The resignation of Howard University head football coach Ron Prince in his first season at the Washington, D.C. school last week was a symbolic end to what was a long, and hard-fought season. It started with a disastrous 79-0 loss to Maryland on the opening weekend, then came announcements by key players, including FCS All-American candidate quarterback Caylin Newton, that they would transfer next season, and climaxed with Prince being taken off the sidelines and placed on administrative leave in November.
The allegations of abuse against a player prompted the action, and eventually led to Prince’s resignation.
What sparked the investigation was a letter sent to the Howard administration and reported by HBCU Gameday in October. It paints a picture of Prince as a tyrant who engaged in actions ranging from verbal abuse and intimidation of players, to maltreatment of injured players on the team.
There were also allegations hinting toward anti-gay bias. In the initial letter to the Howard administration:
Athletes are terrified of this man, he tells them they are garbage and to transfer.........Most of these young men are scared to report the abuse out of fear of retaliation. (calling them sorority sisters if someone tells the administration).
And there was this statement during a team meeting, which other sources corroborated through HBCU Gameday. It seemed to be a bizarre interrogation on who on the team was gay.
Asking if anyone was gay? And telling them it was ok he wouldn’t hold it against them “In fact I want to have the first openly gay player(s) in the country, I know someone in here is gay!”
When asked about them in October, Prince made few comments in regard to allegations other than denying that such allegations existed. Yet, he had a reputation for being blunt, abrasive, and allegedly abusive throughout his coaching career.
Prior to coming to Howard, Prince had been an assistant with 3 major college programs, and worked with the NFL’s Jacksonville Jaguars and Detroit Lions, where there were also some allegations of mistreatment of players by Prince reported.

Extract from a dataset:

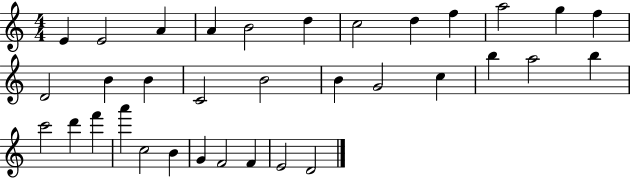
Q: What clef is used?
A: treble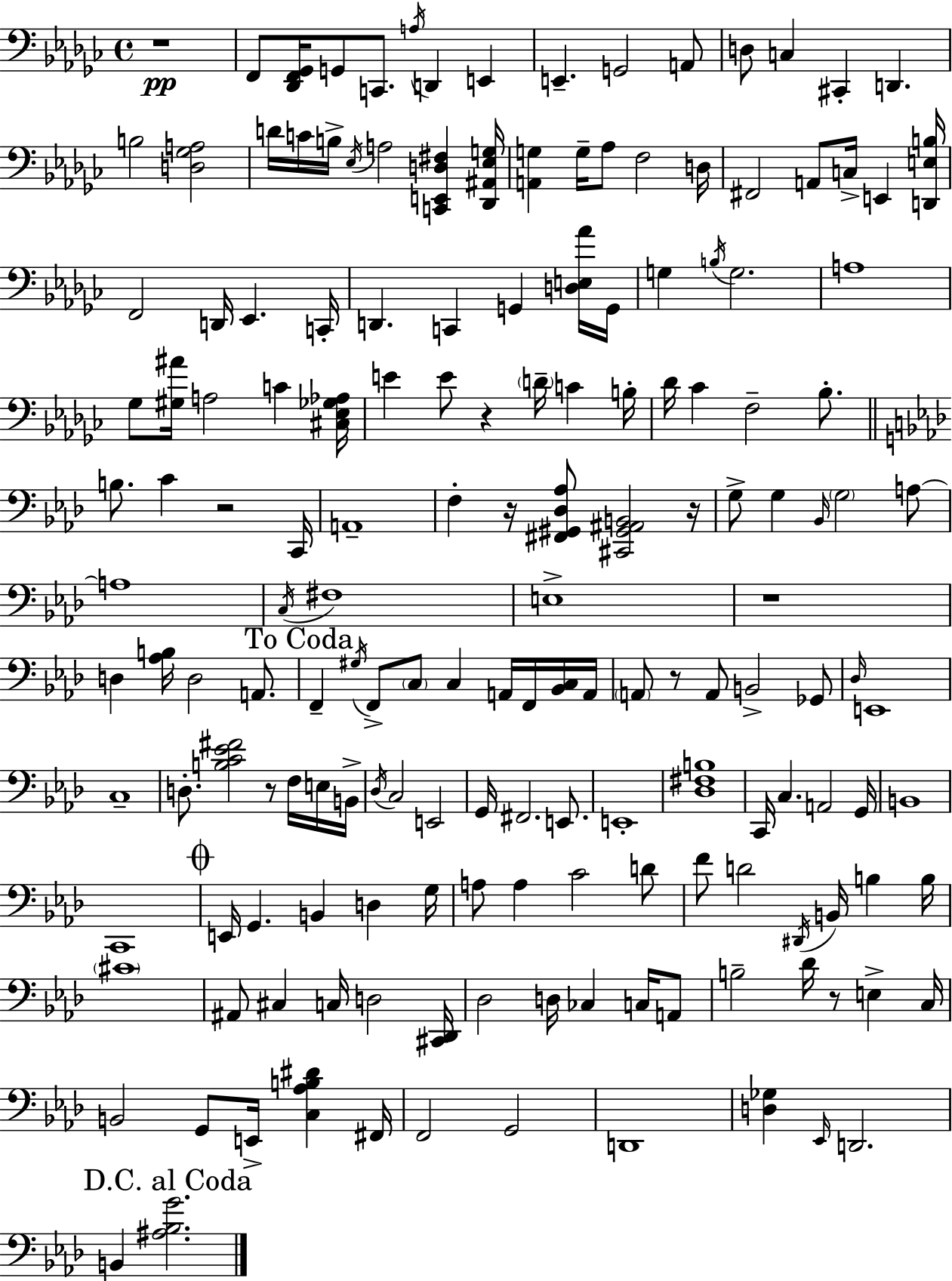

Prince held one head coach position, leading Kansas State’s football program from 2006-2008, where former players cited allegations similar to those that plagued him at Howard. Reggie Walker, who played for Prince at KSU and later played 6 seasons in the NFL, dubbed Prince “a petty individual” on a KSU podcast last year, describing Prince as a coach and a person who took “all the bad experiences that he had being not a person of power, he took it out on everyone else.”